Computing the Fibonacci Sequence Seven Ways
Lessons learned from optimizing beyond reason
- Naive Recursive
- Cached Recursion
- Iterative
- Matrix form
- Matrix form, with the power of two trick
- Exponential
- Exponential, but now more accurate
- Optimal
- Credits
Naive Recursive
def fib_recursive(n):
return float(n) if n < 2 else fib_recursive(n-1) + fib_recursive(n-2)
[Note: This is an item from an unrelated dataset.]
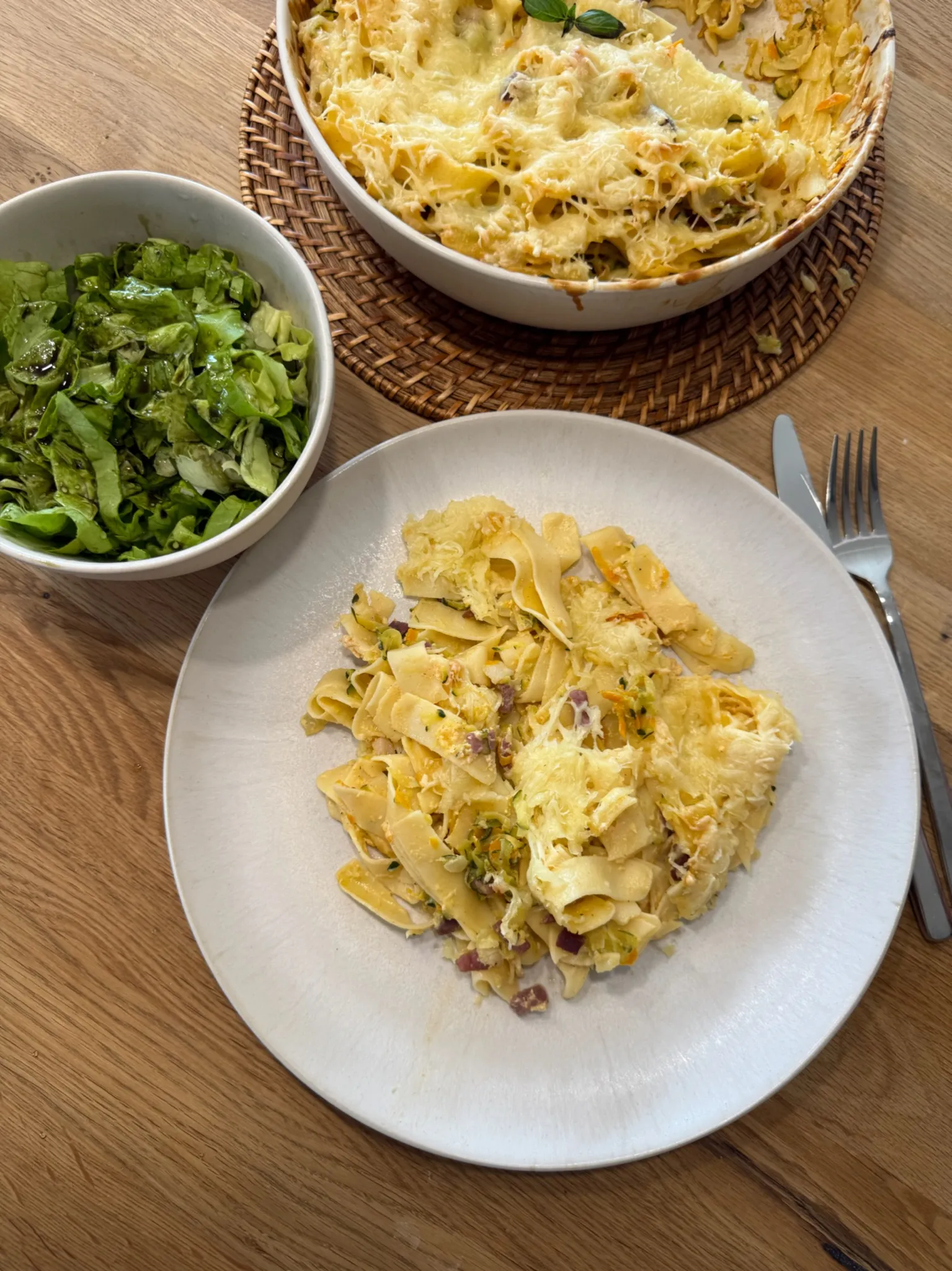 Nudelauflauf mit Gemüse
It’s brief, and fairly clear, I’ll give it that. Also, the runtime starts to look like O(fib(n)), which I think is neat.
Cached Recursion
Since the problem with the naive recursion is that we recompute the same input value many times, the obvious solution is just to memoize the function. Specifically, if we just cache the most recent three function inputs (fib(n), fib(n-1), and fib(n-2)), then we will get rid of all the redundant computations, and we can keep the nice recursive expression:
from functools import lru_cache
@lru_cache(maxsize=3)
def fib_recursive_lru(n):
return float(n) if n < 2 else fib_recursive_lru(n-1) + fib_recursive_lru(n-2)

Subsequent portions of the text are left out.